My American Lectures/Present-day History and Historians
PRESENT-DAY HISTORY AND HISTORIANS
I have been privileged to witness many far-reaching changes in the historiography of our times, so let me ask that my long experience should serve as an explanation and, if necessary, as an excuse for the methods I myself pursue in the writing of history.
In the now remote days of my youth I was a pupil at the small Roumanian university of Jassy of a man who has left some trace on the European thought of his period, Alexander D. Xenopol. A former student in Berlin, first and foremost preoccupied by questions of Roman institutions, a man of philosophical rather than historical tendencies, an economist and seeker after definite laws in the complicated field of history, he was later attracted towards historical studies, but he studied in his early years the now unjustly despised doctrine of Buckle, and his six-volume history of the Roumanians, no mean achievement, shows this early familiarity with eading abstract ideas. It is, in spite of many errors of fact, a solid mass of work in which the chaos of the pragmatical is always dominated by superior conceptions.
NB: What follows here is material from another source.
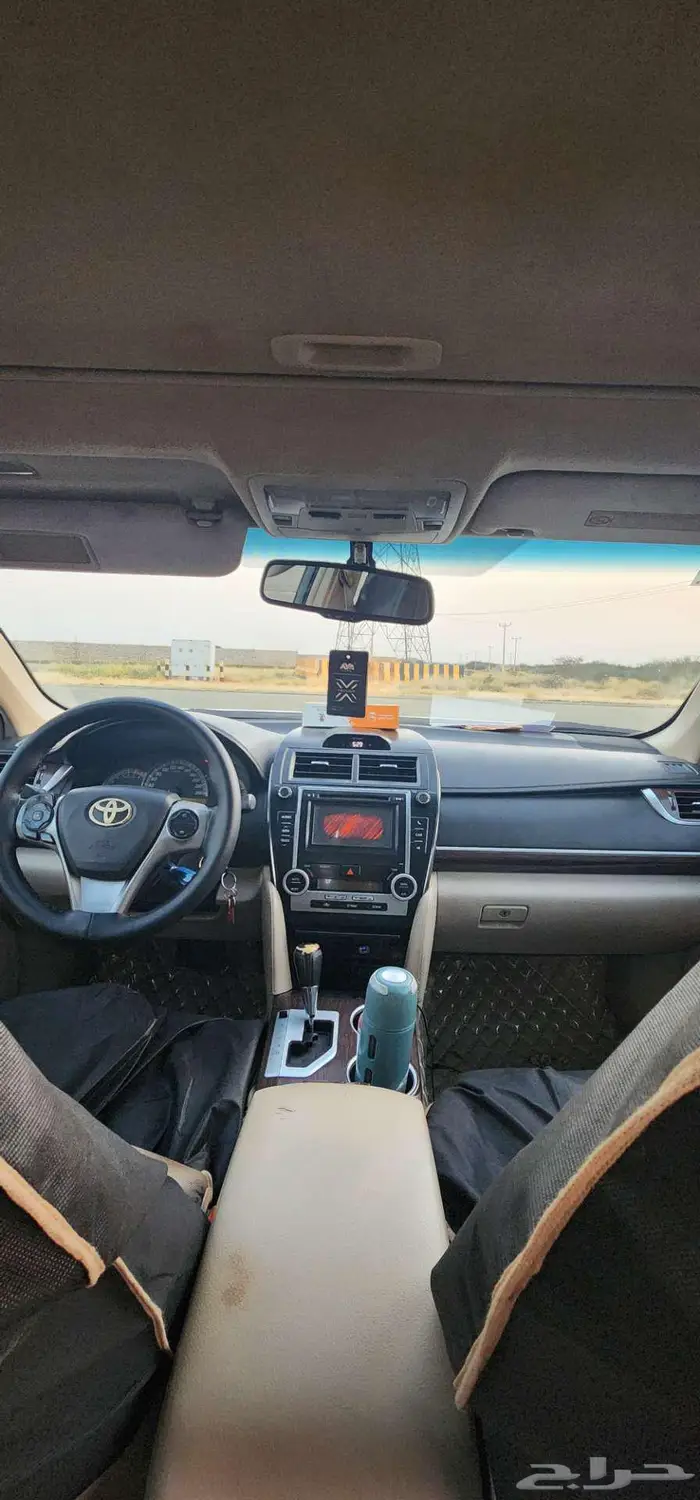 جازان ضمد . 2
Something of the Buckleian era remained in the minds of his generation and, by means of his teaching, passed into my own being too. For them history was not an immense chaos of bygone deeds culled from different sources, critically analysed and held together only by the loose ties of territorial unity and chronological sequence. Everything had to be explained and, in their opinion, an explanation could be found and had to be found, because unexplained things, bred as they were to studies of natural science, jurisprudence, economics and metaphysics, could not exist. The facts were ruled, for them as for Buckle, by the influence of the natural surroundings or, according to Xenopol, by laws similar to those of nature, but by ties of succession not of contemporaneity.
It was a matter of thought and large horizons continually opened before the searching mind. No seminary for preparing each student to anything in the domain of particular research existed at this time and, notwithstanding this, if the immense majority left the university without having made their universal discovery, preserved for eternity in the thesis of their doctorate, some distinguished searchers and thinkers were set loose, completely formed and trained on their own personal methods by influence of this generous mind, ever fond of new ideas and original interpolations.
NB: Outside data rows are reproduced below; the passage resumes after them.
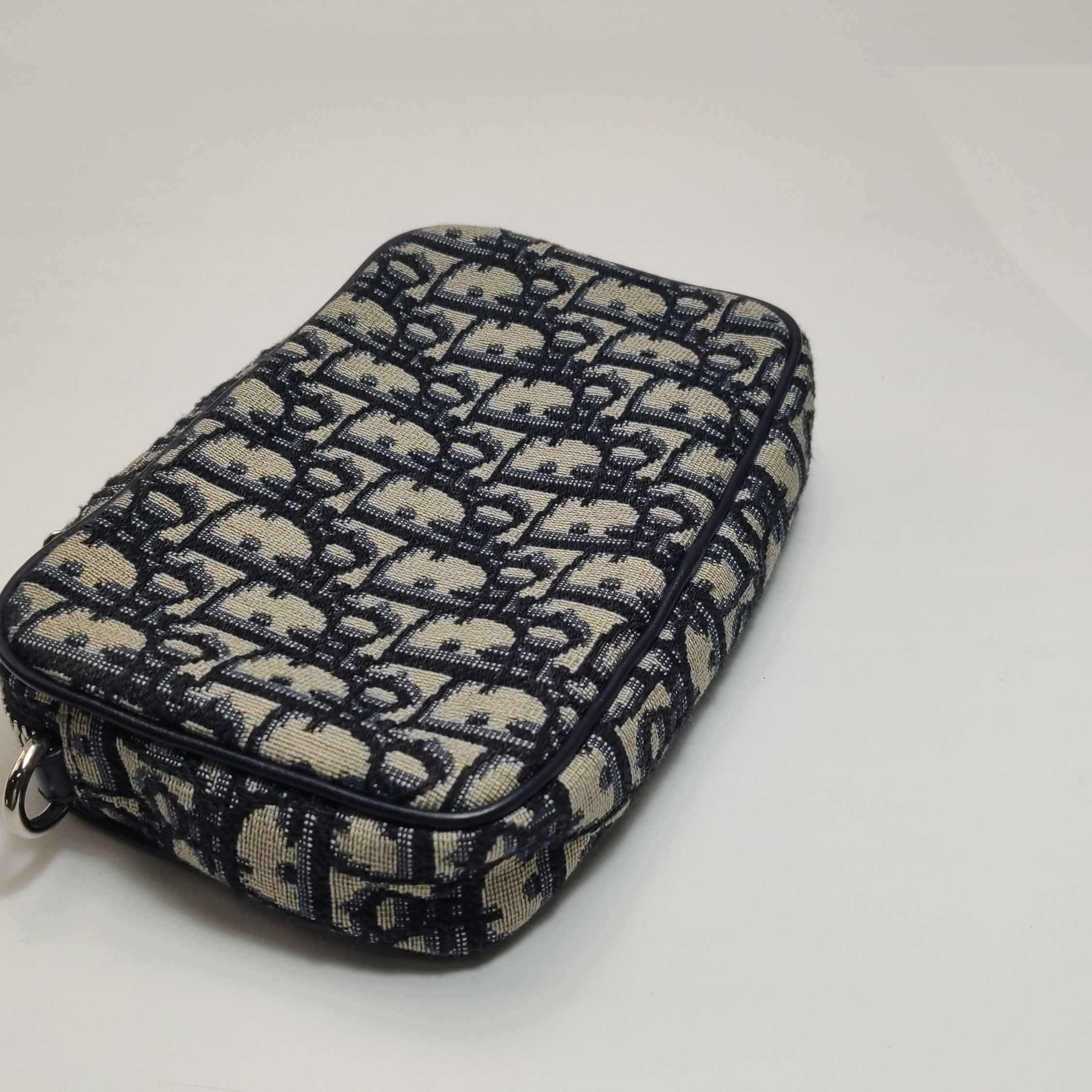 Dior Dior Women os Shoulder Bags Size ONE SIZE - 20 Thumbnail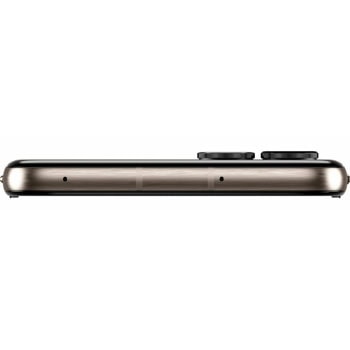 Motorola Razr 60 Ultra PB8R0007PL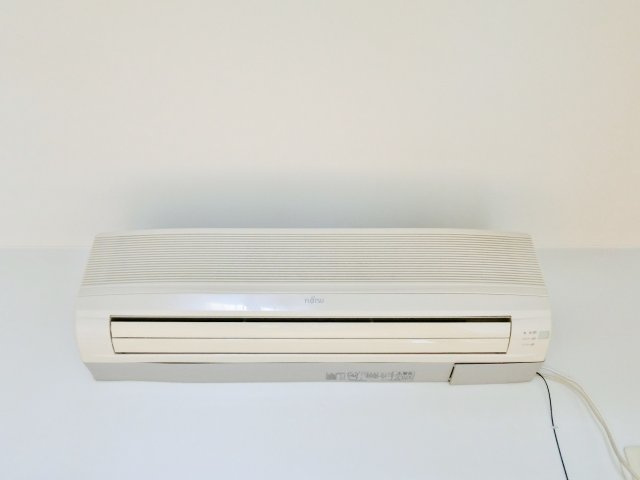 FROM-2の設備|他の部屋の写真になりますので異なる場合が御座いますがご了承下さい。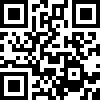 https://hi.hawzahnews.com/xfWz8
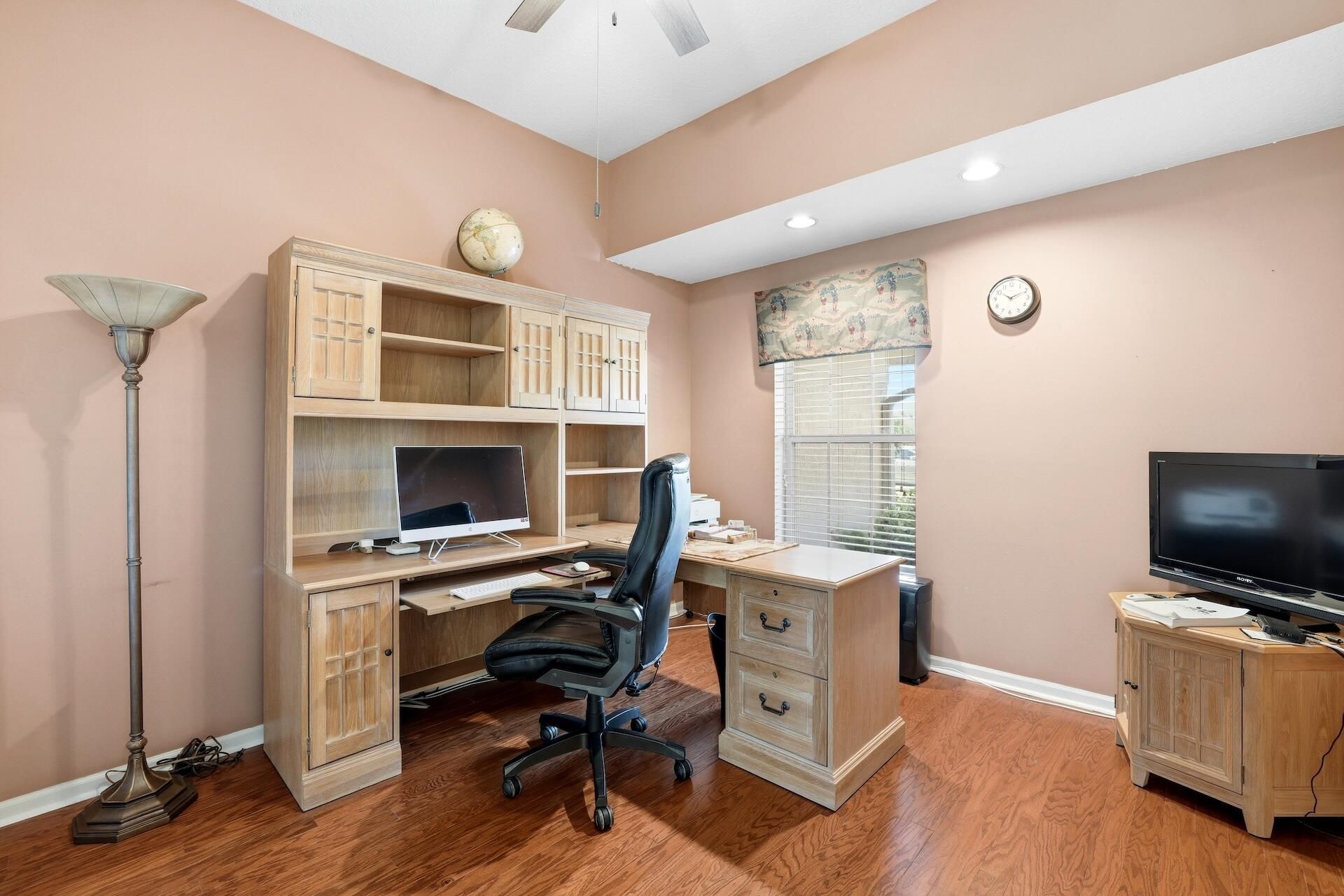 606 Cypress Green Circle, Wellington, FL 33414 Photo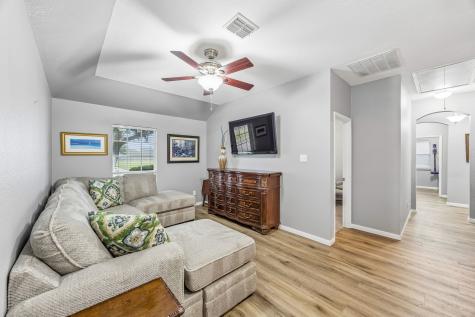 1545 Sandlewood Drive Allen TX 75002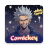 icon Comickey(Comickey - AI Comic Maker) 1.0.7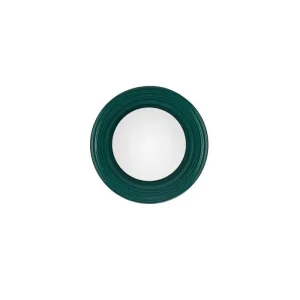 ORBIQUE ZIDNA LAMPA G9 1x5W IP20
All studies of history were presented in the same sense as by Xenopol. We learned that of the Romans, following the pages of Duruy, directed by the remembrance of the Gibbonian thought, and Greek history in the volumes of Grote and Curtius — a very different spirit from that of the later Belloch (Curtius I was to meet later in Berlin, accomplishing, like von Gizycki in ethics, his duties as a teacher in spite of age and infirmity, thus affording an object lesson to the new generation).
This school contributed valuable work to historiography in the first half of the 19th century. Seldom were such great and enduring works written as the History of Ferdinand and Isabella, and of Philip the Second by Prescott, those dealing with the revolt in the Tow Countries by Motley, the history of Charles the Bold by Foster Kirk, or of the United States by Bancroft.
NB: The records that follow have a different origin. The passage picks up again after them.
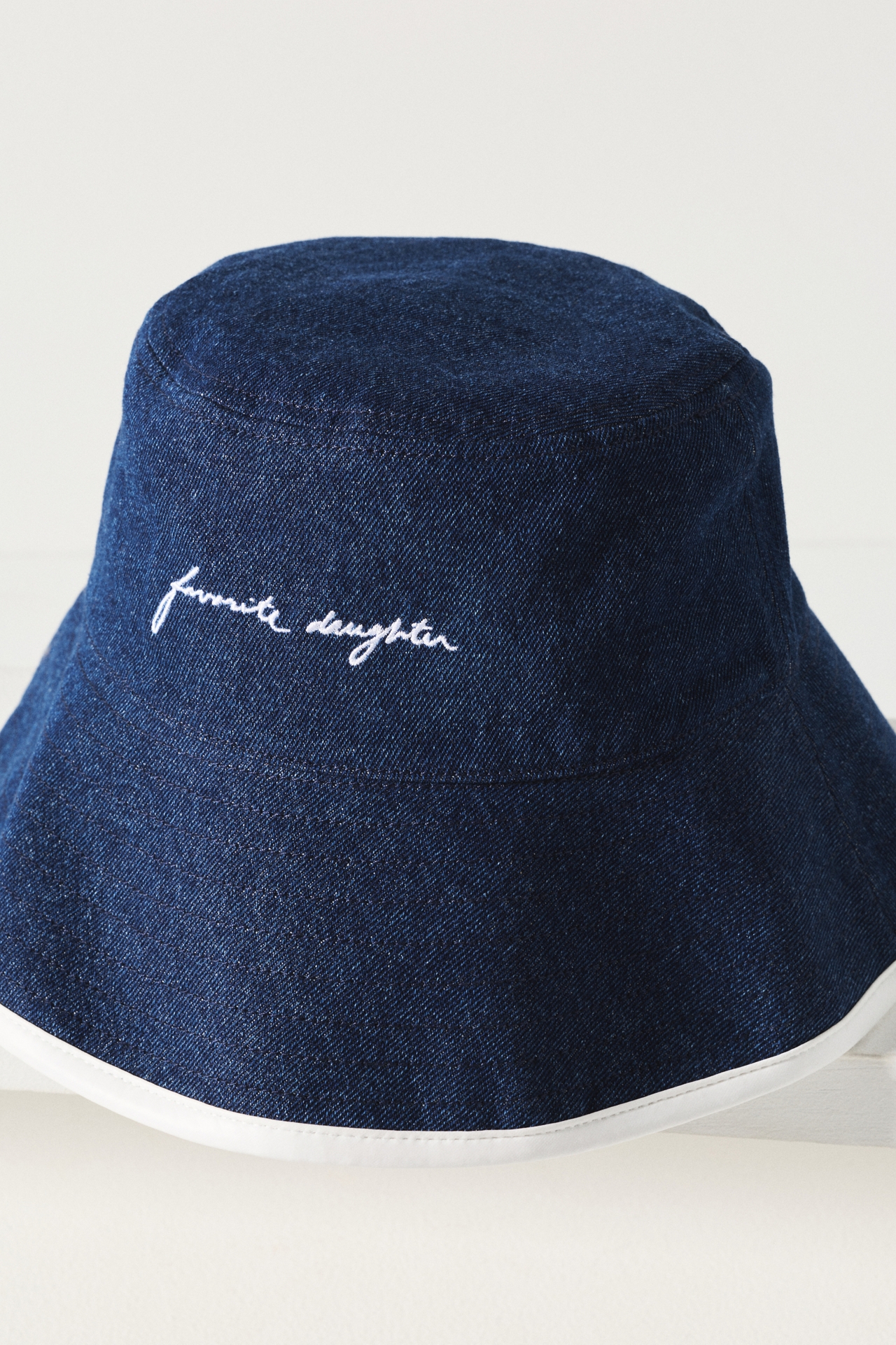 Favorite Daughter Bucket Hat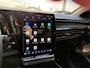 Renault Austral 1.2 E-Tech full hybrid 200 iconic esprit Alpine | NAP | Harman & Kardon | Stoel, stuur & voorruit verwarming | Panorama dak |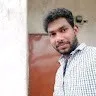 JEBA SINGH
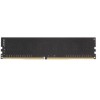 Модуль памяти Patriot DDR4 4Gb 2133MHz PSD44G213381 RTL PC4-17000 CL15 DIMM 288-pin 1.2В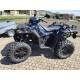 QUAD POLARIS SPORTSMAN XP 1000S 55"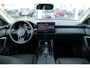 Mazda CX-5 2.5 E-SKYACTIV G 141 M HYBRID Centre-Line | Nieuw | Voorraad |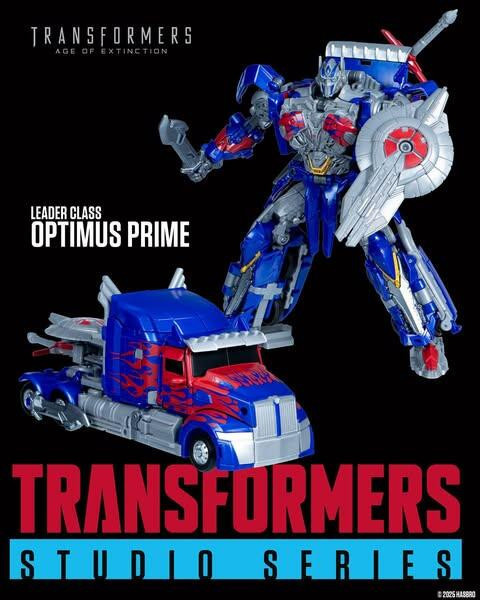 【史派克工廠】結單25年Q2 變形金剛 Studio Series 2025 Wave2 L級 騎士 柯博文 0313 變形金剛 Studio Series 2025 Wave2 L級 騎士 柯博文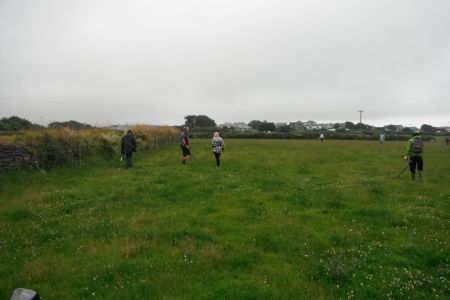 DSCF2113.JPG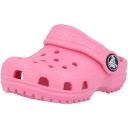 Crocs Classic Clog Children - Pink - Kids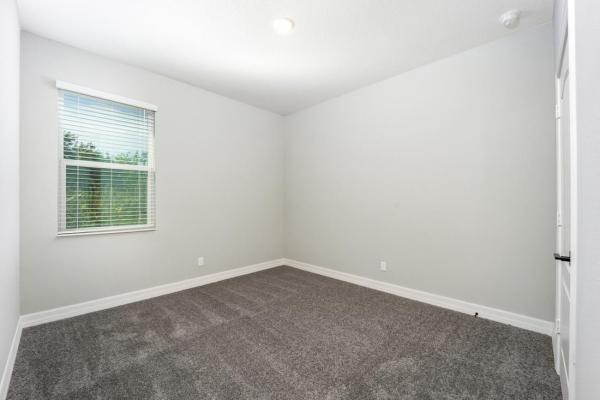 1825 Gaiety Way, Fort Pierce, Florida 34947, image 2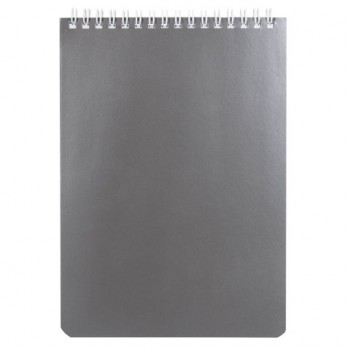 ������� �5 (146�205 ��) 60 �., �������, ���������� �� �����, ������������, BRAUBERG, "�������", 111273 - ������� ������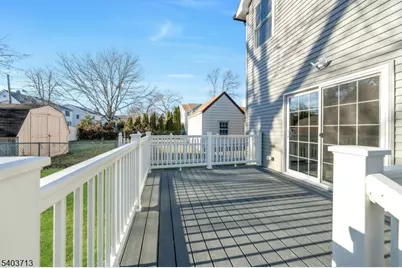 21 Spruce St, Cranford Township, NJ 07016 - Photo 35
Besides this succession to the historians of the 18th century, who were led by general ideas and sought literary form adequate to their conception of personalities and developments, the German philosophy of the opening years of the 19th century, the diplomatic and archivistic studies of the French Benedictines some decades earlier, the scrupules of the archaeologists gave rise to another directive in the writing of history: the methodical pursuit of truth, the attainable verities in the facts. For other schools, strong, enlightened minds were necessary, with some literary talent and notably an experience of life: their interpretation had ever the personal character of a creative spirit; for the second, good schooling, a normal intelligence and the sense of honestly accomplising their duty to the university sufficed.
The democratic directives of contemporary life, as well as the necessity of having teachers of history for the secondary schools, archivists and librarians for the public repositaries of knowledge, favoured the development, the universal expansion of this second school. A product of bureaucratic Germany, where everything could be accomplished without direct contact with the world, within the four walls of a study, and not of the organic Germany, brilliantly represented by the most open mind which ever interested itself with history (that of Leopold von Ranke), it was extended to other nations by the enhanced prestige of victorious German arms after 1870. Not however in conservative England, where such splendid works as the «Constitutional History of England» by Stubbs, who as a professor was obliged only at rare intervals to hold the lectures which were later collected in a rare volume, were written without the aid of foreign methods, but in contemporary France, under the influence of Gabriel Monod, educated in the German universities — for him the Franco-German war was a personal tragedy (see his « Français et Allemands »). Opposed to the spirit of the Sorbonne, which was considered antiquated, the Bcole des Hautes Etudes took the leadership of the movement. Never was a stranger discipline more impressively exercised over young minds as here: Monod himself, my own good old teacher Charles Bemont, Giry, the author of the best treatise on diplomacy ever written, that consistent doubter of martyrology, Monseigneur Duchesne (who possessed more than a touch of Voltairian irony), minor ones such as the searcher of institutions, Thevenin, the more neglected Roy, were representative of the current. Good chronology for selected proved facts, not unconnected with the imperative need of a rounded French form, but a certain mistrust of general ideas and a bitter contempt for all that bore the appearance of literature (and literature was dilettantism), that was our creed.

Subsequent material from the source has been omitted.